**Available records**
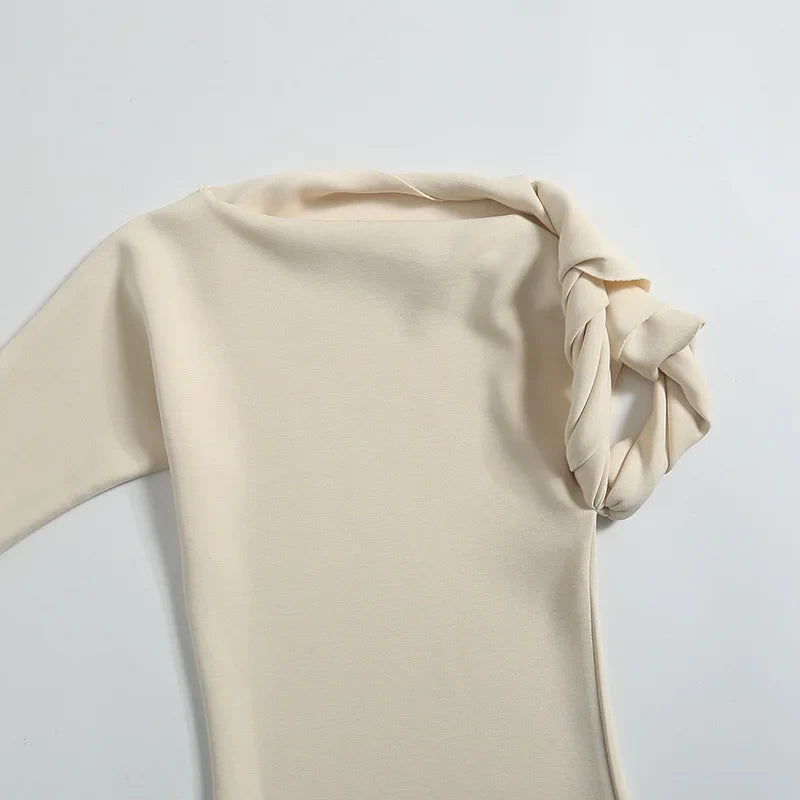 שמלת מיני צמודה בעיצוב שרוול מגולגל  - KIKI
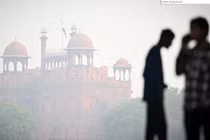 Sương mù bao phủ quanh Pháo đài Đỏ nổi tiếng của Delhi vào sáng sớm tháng 11. Ảnh: Hindustan Times.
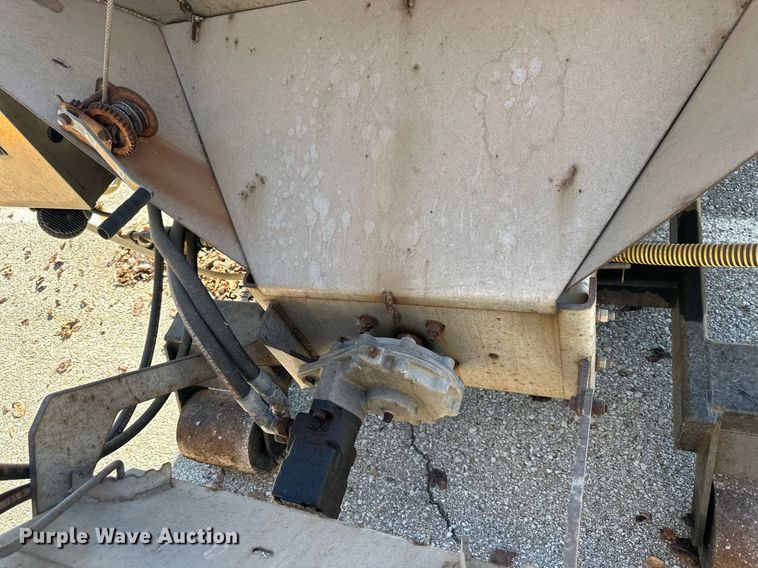 image for item NL9272 2017 Peterbilt 348  hook lift truck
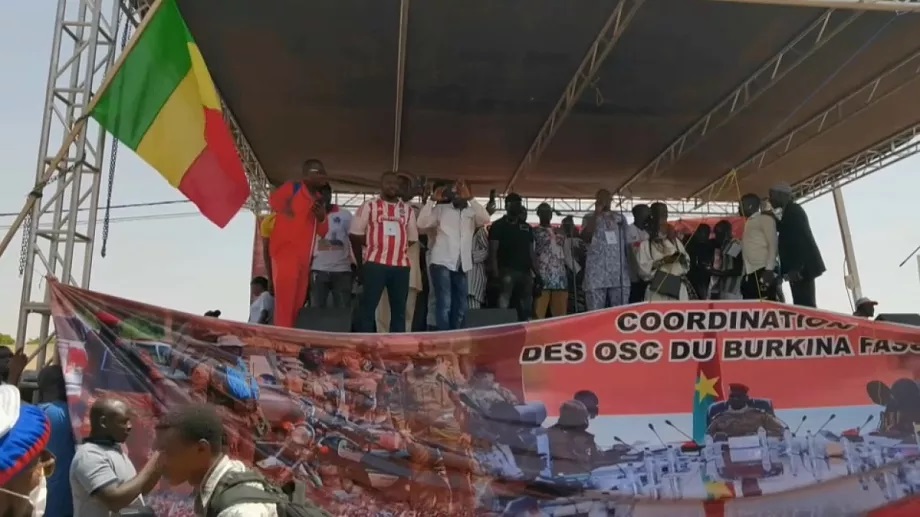 Burkina Faso : manifestation de soutien au capitaine Traoré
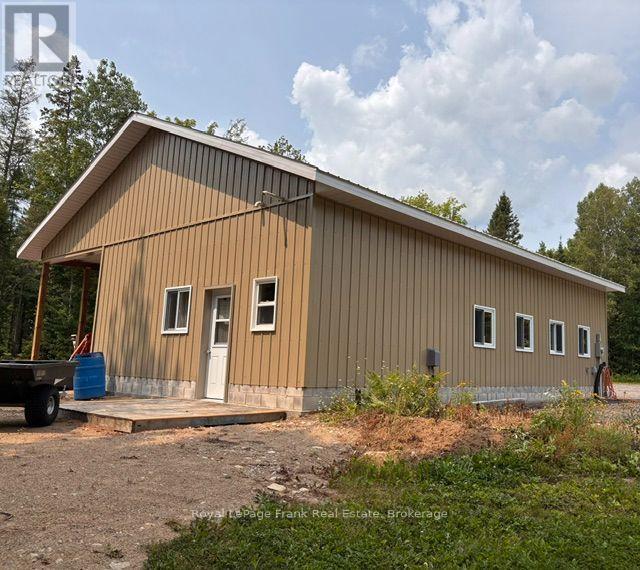 989 North Mckenzie Lake Road Property Photo 7
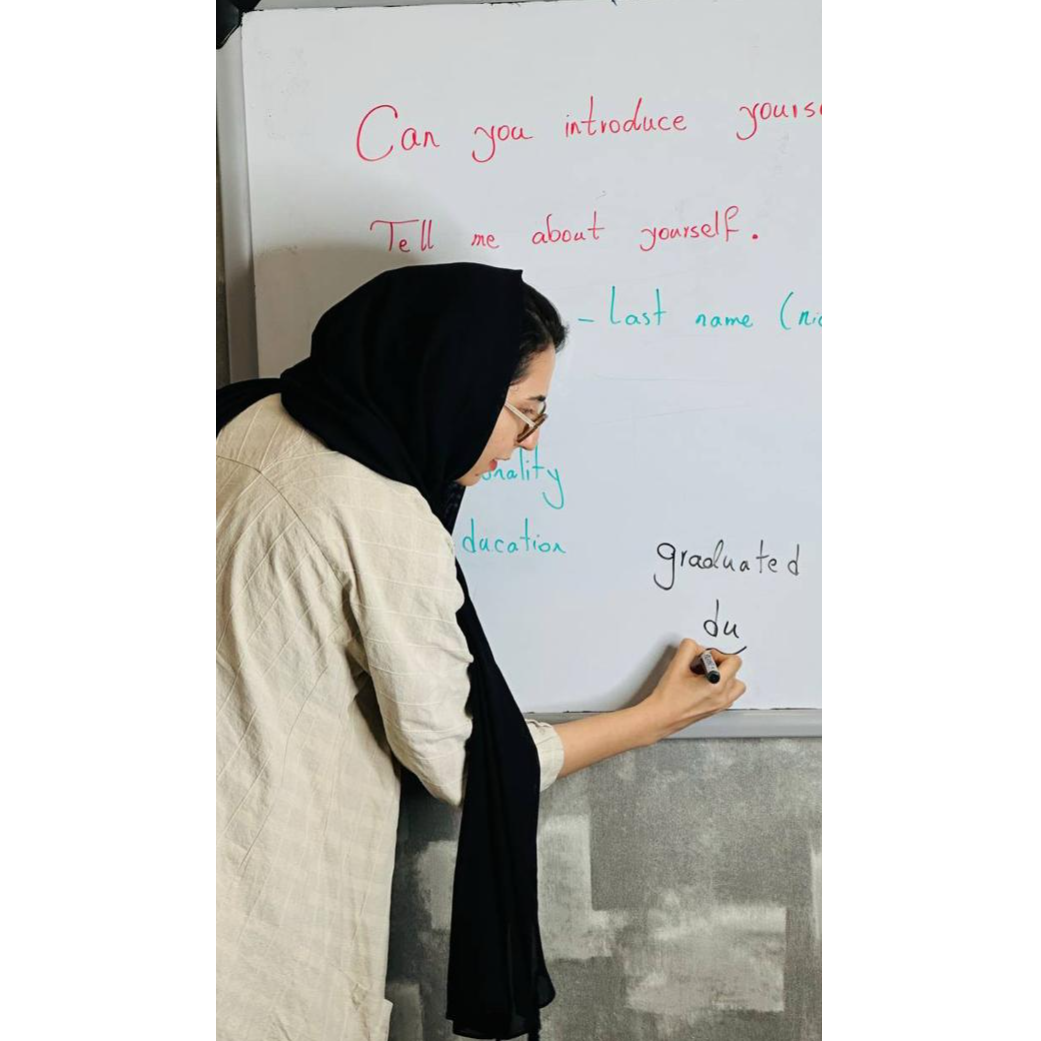 تصویر 1 آموزشگاه زبان بِستاک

**Work order**
Reproduce the records above exactly, but only from the line containing "Burkina Faso : manifestation" through the last line, both included, and without any pictures.

**Task result**
 Burkina Faso : manifestation de soutien au capitaine Traoré
 989 North Mckenzie Lake Road Property Photo 7
 تصویر 1 آموزشگاه زبان بِستاک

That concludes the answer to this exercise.